[Source data]
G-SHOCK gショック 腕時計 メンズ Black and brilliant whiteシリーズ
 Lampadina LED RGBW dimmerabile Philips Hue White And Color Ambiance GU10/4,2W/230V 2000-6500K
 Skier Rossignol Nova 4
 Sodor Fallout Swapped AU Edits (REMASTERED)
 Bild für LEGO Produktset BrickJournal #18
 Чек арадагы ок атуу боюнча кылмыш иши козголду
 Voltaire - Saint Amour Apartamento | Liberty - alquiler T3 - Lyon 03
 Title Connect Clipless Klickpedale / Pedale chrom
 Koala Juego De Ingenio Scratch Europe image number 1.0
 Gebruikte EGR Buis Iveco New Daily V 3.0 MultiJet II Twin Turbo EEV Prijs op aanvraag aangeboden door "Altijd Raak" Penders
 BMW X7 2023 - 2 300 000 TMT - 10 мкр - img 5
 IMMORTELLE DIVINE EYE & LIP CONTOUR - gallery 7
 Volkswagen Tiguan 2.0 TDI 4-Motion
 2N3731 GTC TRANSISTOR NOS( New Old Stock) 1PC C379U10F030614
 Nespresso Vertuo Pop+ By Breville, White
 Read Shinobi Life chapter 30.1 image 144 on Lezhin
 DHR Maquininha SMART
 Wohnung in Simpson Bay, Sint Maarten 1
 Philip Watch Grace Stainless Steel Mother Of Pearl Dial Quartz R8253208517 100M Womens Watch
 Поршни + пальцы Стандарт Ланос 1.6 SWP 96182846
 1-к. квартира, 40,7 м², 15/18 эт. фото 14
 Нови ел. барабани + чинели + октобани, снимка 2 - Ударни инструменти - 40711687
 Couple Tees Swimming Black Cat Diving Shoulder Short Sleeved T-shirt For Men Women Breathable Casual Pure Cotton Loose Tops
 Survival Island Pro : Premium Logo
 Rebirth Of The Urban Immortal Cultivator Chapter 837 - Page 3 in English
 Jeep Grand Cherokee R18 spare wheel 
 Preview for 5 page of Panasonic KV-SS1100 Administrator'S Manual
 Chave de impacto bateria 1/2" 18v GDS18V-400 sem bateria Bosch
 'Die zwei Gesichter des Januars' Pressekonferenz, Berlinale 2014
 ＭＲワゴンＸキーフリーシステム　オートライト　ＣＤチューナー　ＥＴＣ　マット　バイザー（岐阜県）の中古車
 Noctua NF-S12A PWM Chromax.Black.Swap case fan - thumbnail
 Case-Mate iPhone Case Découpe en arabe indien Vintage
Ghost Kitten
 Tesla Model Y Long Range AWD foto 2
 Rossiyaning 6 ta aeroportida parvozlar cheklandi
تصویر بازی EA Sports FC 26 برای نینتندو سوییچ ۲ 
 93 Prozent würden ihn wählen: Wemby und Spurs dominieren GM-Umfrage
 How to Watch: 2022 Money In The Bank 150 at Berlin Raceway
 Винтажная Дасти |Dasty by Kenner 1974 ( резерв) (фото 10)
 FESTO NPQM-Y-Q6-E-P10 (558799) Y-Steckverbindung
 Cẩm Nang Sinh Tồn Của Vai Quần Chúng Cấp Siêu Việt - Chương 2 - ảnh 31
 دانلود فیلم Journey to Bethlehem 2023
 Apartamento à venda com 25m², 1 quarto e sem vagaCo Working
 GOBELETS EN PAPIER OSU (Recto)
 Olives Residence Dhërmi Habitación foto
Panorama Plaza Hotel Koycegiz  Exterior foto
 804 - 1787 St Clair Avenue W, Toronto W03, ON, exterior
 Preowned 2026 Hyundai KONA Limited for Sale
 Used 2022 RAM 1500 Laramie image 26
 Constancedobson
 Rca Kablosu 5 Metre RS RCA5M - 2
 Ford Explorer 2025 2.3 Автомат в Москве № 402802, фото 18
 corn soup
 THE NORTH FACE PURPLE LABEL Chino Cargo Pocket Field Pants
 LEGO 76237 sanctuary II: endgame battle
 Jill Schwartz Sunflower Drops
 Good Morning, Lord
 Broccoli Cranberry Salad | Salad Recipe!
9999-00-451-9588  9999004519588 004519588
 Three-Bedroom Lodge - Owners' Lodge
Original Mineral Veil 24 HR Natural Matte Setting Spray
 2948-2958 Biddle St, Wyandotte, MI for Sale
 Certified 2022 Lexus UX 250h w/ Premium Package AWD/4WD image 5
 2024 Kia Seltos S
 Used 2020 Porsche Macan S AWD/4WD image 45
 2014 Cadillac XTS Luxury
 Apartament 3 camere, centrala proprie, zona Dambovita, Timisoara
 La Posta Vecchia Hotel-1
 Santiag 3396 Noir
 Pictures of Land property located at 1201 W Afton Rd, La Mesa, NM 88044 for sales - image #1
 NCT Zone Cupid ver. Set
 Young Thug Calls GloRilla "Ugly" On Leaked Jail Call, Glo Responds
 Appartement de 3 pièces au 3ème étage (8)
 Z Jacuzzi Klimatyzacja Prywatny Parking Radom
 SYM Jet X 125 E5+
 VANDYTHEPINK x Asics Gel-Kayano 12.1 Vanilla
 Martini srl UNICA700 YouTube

▶ Assignment:
Report each line of the data that includes the string "LEGO".

▶ Problem solution:
 Bild für LEGO Produktset BrickJournal #18
 LEGO 76237 sanctuary II: endgame battle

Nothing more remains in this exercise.